Think of all the people in your life. Your parents, your brothers and sisters, your uncles and aunts, your children, and all your friends. By all the current studies, roughly 25% of them will die of heart disease. That’s one in four.
Hard to imagine, right? We don’t mean to bum you out. But this is important: heart disease is the number one threat to health, for both men and women, and you need to know the facts about the risks and how to reduce it. We’ll be splitting the issue between men and women to focus more specifically on the unique challenges each face.
What is Heart Disease, Anyway?
Heart disease is a catch-all term for coronary heart disease, congestive heart failure, and congenital heart disease. The key to avoiding most heart diseases is to avoid blood clots in the arteries that circulate blood, or inflammation in the arteries, which prevent blood from carrying oxygen and energy to the heart.
There are a number of negative effects from these clogs, the worst of which is cardiac arrest. When you have a heart attack, it’s a race for treatment to clear out the blockage before it stops beating completely.
These blood clots are often caused by plaque build up. This build up starts from a young age: all that junk food you ate in your 20s will come back to haunt you in your 50s if you don’t take the proper steps for your health.
What are these proper steps? You probably know most of them already: it’s doing them that’s the hard part.
1) Avoid Tobacco
Incase it hasn’t been made clear enough by now: tobacco is a poison.
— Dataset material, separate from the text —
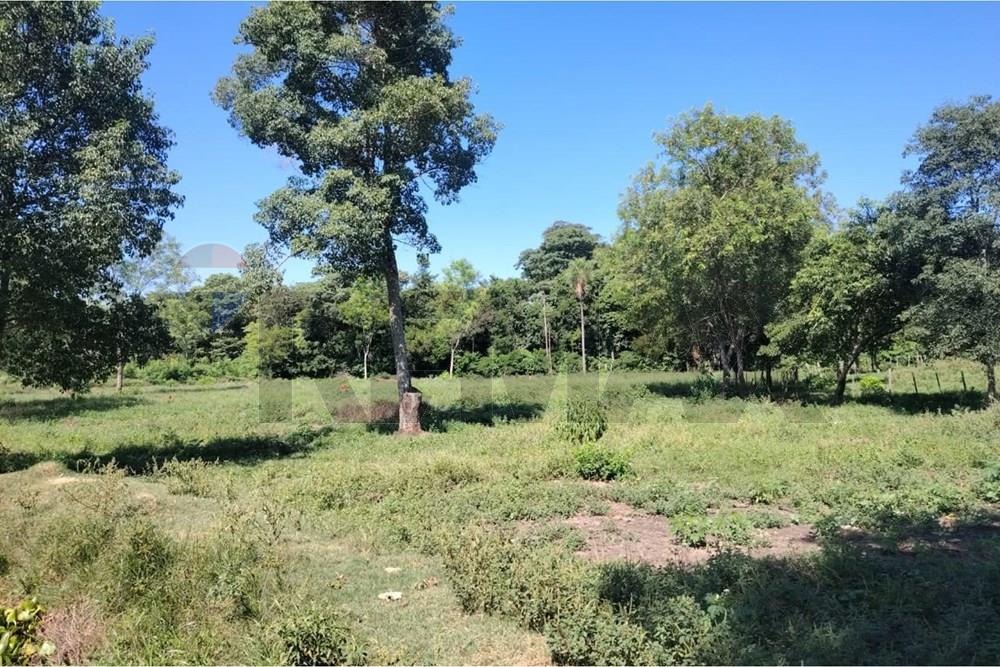 TERRENO DE 240.000 M2 SOBRE ASFALTO EN NUEVA GERMANIA - SAN PEDRO EN VENTA — foto 2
There is no dosage that does not negatively impact your health. The chemicals in tobacco can damage your blood vessel and lead to arteries narrowing, which make heart attack more likely. Furthermore, the carbon monoxide from smoking tobacco replaces oxygen in your blood. That boosts your heart pressure (the speed at which blood circles your body to oxygenate all your cells), making your heart work harder and increasing your risk of an attack.
Even a few smokes a week are enough to cause a significantly higher chance of an attack, but the good news is that when you quit, your risk of heart disease steadily lowers over the next five years until it approaches close to that of non-smokers. No matter how long you’ve smoked, quitting is still something that has drastic benefits to your health.
2) Exercise
You don’t need to run marathons or lift weights to get the health benefits of being active. All it takes is 30 minutes of moderate activity a day, a few times a week. Your heart is a muscle, and giving it a workout makes it stronger and more efficient. Unlike higher blood pressure from things like smoking, when you exercise your heart isn’t racing to meet your normal oxygen needs: instead it’s spreading more oxygen than it normally does, and faster.
Exercise also helps you control your weight, which is one of the most highly correlated indicators of heart disease. The bigger you are, the more oxygen your body needs: after puberty, your heart does not grow bigger if the rest of you does. Every extra pound of flesh means more work for your heart, so staying fit is a great way to stay safe.
3) Eat Healthy
This metric is one of the hardest to keep to. We didn’t evolve in an environment where so much food of such variety was always available, so our body craves all the sugars and fats and salts it can get, without realizing the damage they do. The dos and don’ts are fairly simple however.
Avoid trans fats, which are found in deep fried fast food, bakery products, margarine, and anything that says “partially hydrogenated” on the nutrition label.
Eat more heart-healthy foods, like salmon, avocado, nuts, olives, fruits (not juices!), and vegetables that are rich in fiber. Many of these have the added bonus of helping you avoid cancer and diabetes.
And of course, watch your alcohol intake. Like tobacco, alcohol is a poison, and the body can’t process more than a drink or two a day before it begins to harm our system.
There are other ways to reduce your risk of heart disease, such as lowering stress and getting plenty of sleep, and as long as you ask your doctor every checkup what you can do to help improve your odds, and then follow their advice, you can avoid being part of that 1 in 4.